> **To do**: Copy every line of the data that includes the string "visible".

(Records excerpted from a collection)
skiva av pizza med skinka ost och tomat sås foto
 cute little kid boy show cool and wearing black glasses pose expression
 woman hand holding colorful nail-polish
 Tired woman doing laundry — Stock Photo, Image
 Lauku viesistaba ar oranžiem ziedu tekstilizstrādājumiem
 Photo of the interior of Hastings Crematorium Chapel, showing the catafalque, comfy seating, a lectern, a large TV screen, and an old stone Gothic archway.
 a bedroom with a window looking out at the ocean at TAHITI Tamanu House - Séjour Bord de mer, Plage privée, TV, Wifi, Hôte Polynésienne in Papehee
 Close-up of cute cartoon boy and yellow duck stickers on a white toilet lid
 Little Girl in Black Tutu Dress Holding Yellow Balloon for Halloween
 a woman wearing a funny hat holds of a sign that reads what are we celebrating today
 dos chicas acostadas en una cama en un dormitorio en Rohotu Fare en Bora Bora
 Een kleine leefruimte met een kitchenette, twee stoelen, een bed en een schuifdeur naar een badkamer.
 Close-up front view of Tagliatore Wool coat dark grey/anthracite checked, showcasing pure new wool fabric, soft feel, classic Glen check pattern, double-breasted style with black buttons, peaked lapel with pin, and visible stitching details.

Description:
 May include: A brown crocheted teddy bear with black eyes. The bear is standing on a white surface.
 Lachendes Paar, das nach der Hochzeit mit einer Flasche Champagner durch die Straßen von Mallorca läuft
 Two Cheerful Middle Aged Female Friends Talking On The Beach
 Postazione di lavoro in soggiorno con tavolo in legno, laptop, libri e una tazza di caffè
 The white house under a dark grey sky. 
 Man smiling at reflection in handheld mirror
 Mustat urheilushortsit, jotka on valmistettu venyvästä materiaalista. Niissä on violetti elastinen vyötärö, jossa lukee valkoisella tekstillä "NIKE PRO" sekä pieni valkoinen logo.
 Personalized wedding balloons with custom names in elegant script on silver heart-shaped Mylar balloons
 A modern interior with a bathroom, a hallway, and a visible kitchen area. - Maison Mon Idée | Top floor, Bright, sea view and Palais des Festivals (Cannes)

> **The completed task**:
 Close-up front view of Tagliatore Wool coat dark grey/anthracite checked, showcasing pure new wool fabric, soft feel, classic Glen check pattern, double-breasted style with black buttons, peaked lapel with pin, and visible stitching details.
 A modern interior with a bathroom, a hallway, and a visible kitchen area. - Maison Mon Idée | Top floor, Bright, sea view and Palais des Festivals (Cannes)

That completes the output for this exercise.